(Data Opens)
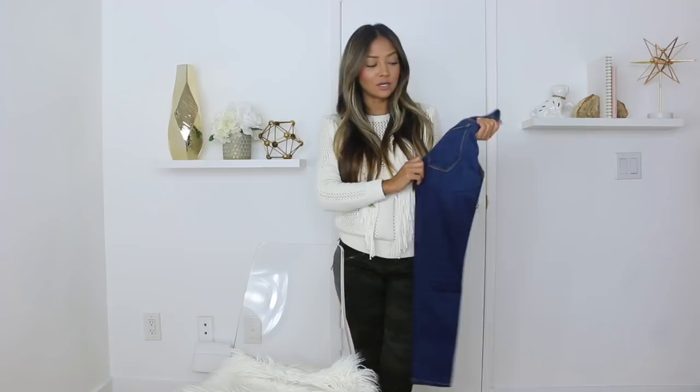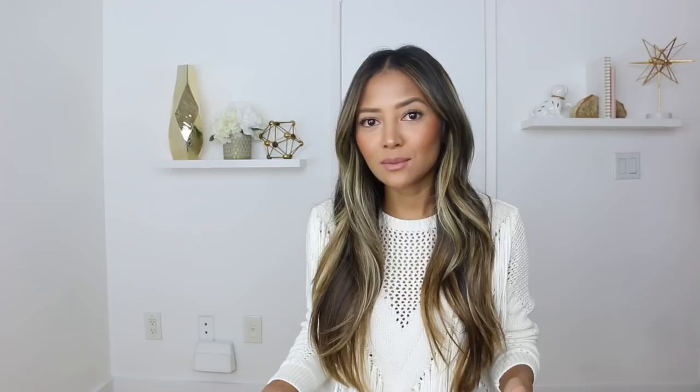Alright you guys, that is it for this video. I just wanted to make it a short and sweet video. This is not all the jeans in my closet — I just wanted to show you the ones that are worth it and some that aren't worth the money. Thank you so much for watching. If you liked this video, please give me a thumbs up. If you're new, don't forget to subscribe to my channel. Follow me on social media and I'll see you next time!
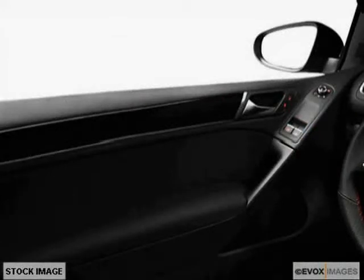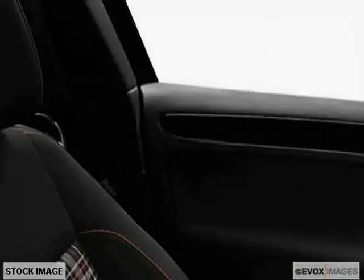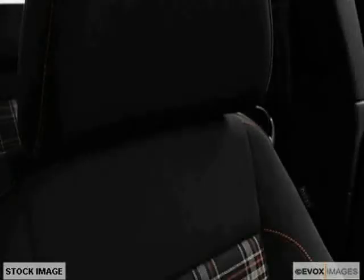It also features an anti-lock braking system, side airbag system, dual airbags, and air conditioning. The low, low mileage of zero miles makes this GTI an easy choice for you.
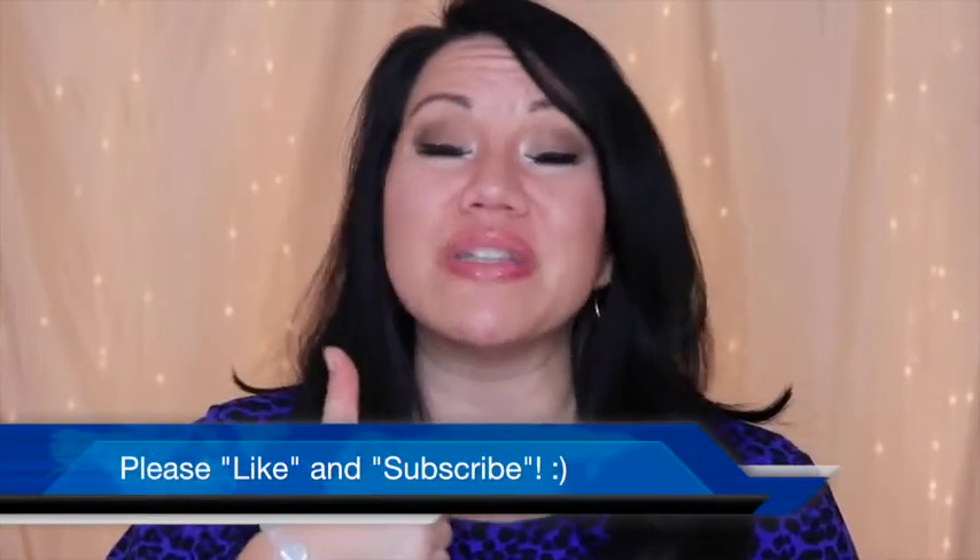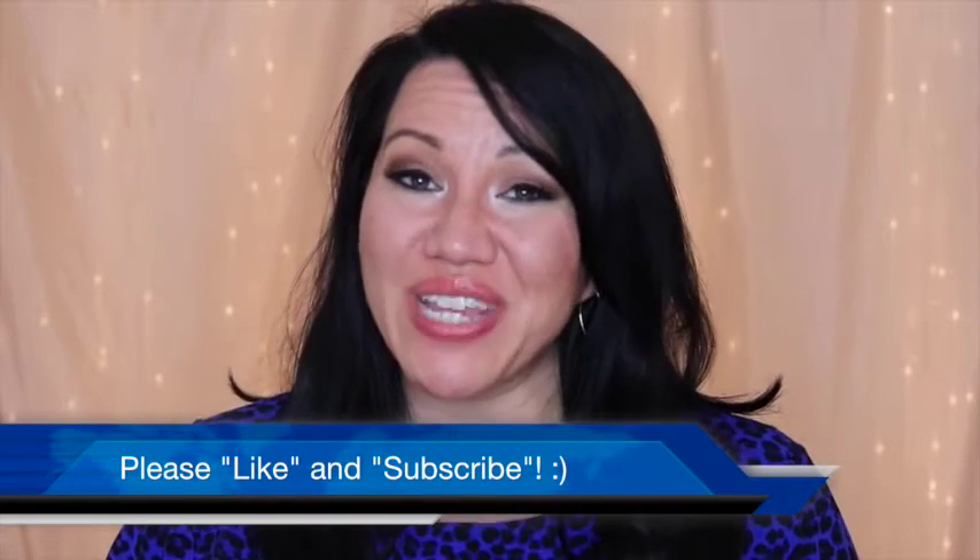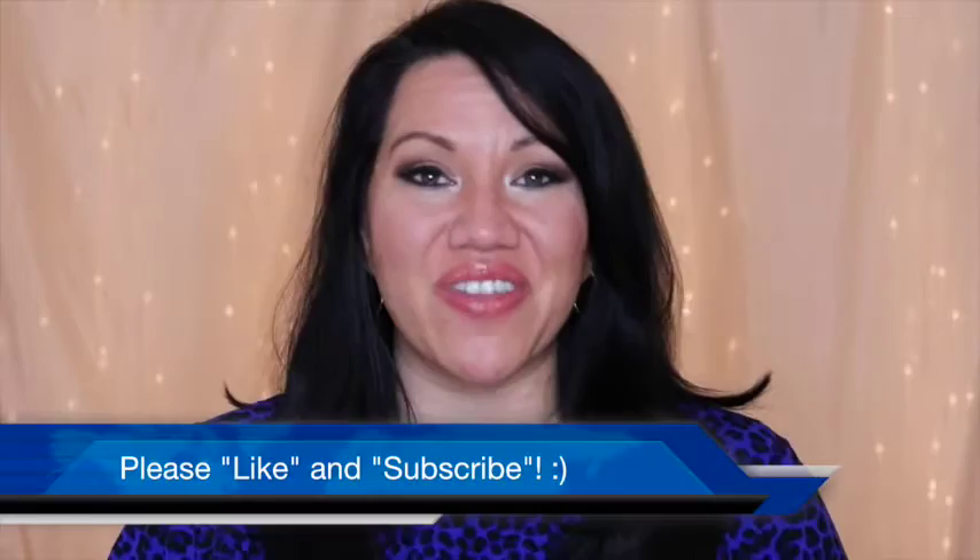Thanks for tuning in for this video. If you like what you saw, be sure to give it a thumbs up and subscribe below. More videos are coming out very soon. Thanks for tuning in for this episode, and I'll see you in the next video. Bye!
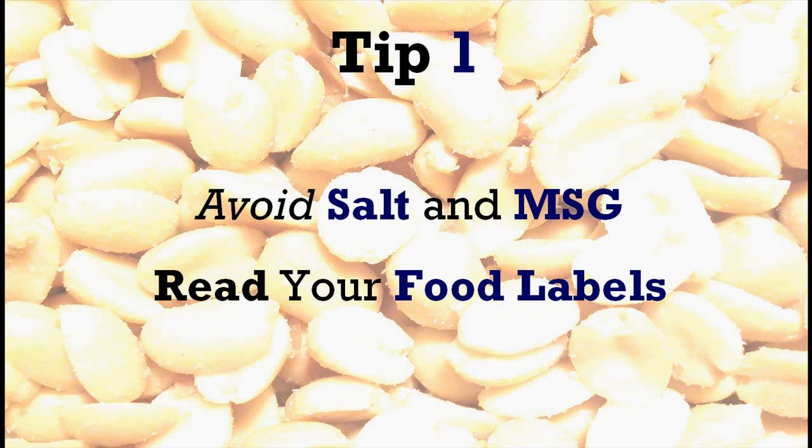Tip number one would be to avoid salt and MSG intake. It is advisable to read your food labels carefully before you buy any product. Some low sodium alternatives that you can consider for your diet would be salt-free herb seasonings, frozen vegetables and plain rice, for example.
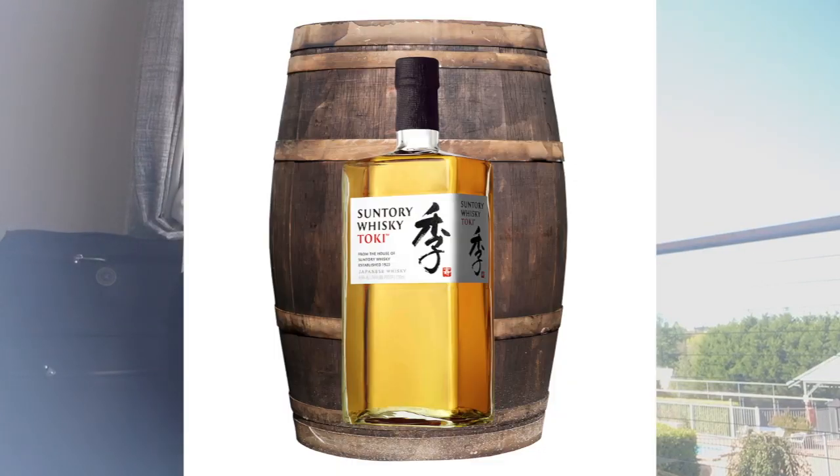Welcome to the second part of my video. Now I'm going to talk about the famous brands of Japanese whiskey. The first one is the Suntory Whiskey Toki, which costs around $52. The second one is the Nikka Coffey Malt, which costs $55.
(Data Closes)
(Data Opens)
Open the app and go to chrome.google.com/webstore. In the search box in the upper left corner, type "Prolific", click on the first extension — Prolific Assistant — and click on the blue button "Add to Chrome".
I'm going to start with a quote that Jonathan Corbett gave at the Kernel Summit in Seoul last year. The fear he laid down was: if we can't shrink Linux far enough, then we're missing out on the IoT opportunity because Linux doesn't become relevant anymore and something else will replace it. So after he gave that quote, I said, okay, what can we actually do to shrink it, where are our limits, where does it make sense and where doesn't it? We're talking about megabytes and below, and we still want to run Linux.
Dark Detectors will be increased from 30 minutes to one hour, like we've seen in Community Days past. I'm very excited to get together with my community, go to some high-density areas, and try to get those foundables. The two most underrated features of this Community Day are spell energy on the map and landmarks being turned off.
(Data Closes)
(Data Opens)
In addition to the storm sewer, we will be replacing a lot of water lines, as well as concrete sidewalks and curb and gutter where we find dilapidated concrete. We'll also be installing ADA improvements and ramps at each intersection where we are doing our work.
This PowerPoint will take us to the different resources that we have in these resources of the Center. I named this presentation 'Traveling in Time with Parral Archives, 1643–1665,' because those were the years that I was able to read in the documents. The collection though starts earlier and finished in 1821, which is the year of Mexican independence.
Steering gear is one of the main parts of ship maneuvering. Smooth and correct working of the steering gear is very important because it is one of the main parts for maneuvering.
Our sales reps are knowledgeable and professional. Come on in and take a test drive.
(Data Closes)
▸ Exercise details: Copy exactly the stretch of data above from the line with "Open the app" through the line with "I'm going to start", and omit all other lines.

▸ Problem solution:
Open the app and go to chrome.google.com/webstore. In the search box in the upper left corner, type "Prolific", click on the first extension — Prolific Assistant — and click on the blue button "Add to Chrome".
I'm going to start with a quote that Jonathan Corbett gave at the Kernel Summit in Seoul last year. The fear he laid down was: if we can't shrink Linux far enough, then we're missing out on the IoT opportunity because Linux doesn't become relevant anymore and something else will replace it. So after he gave that quote, I said, okay, what can we actually do to shrink it, where are our limits, where does it make sense and where doesn't it? We're talking about megabytes and below, and we still want to run Linux.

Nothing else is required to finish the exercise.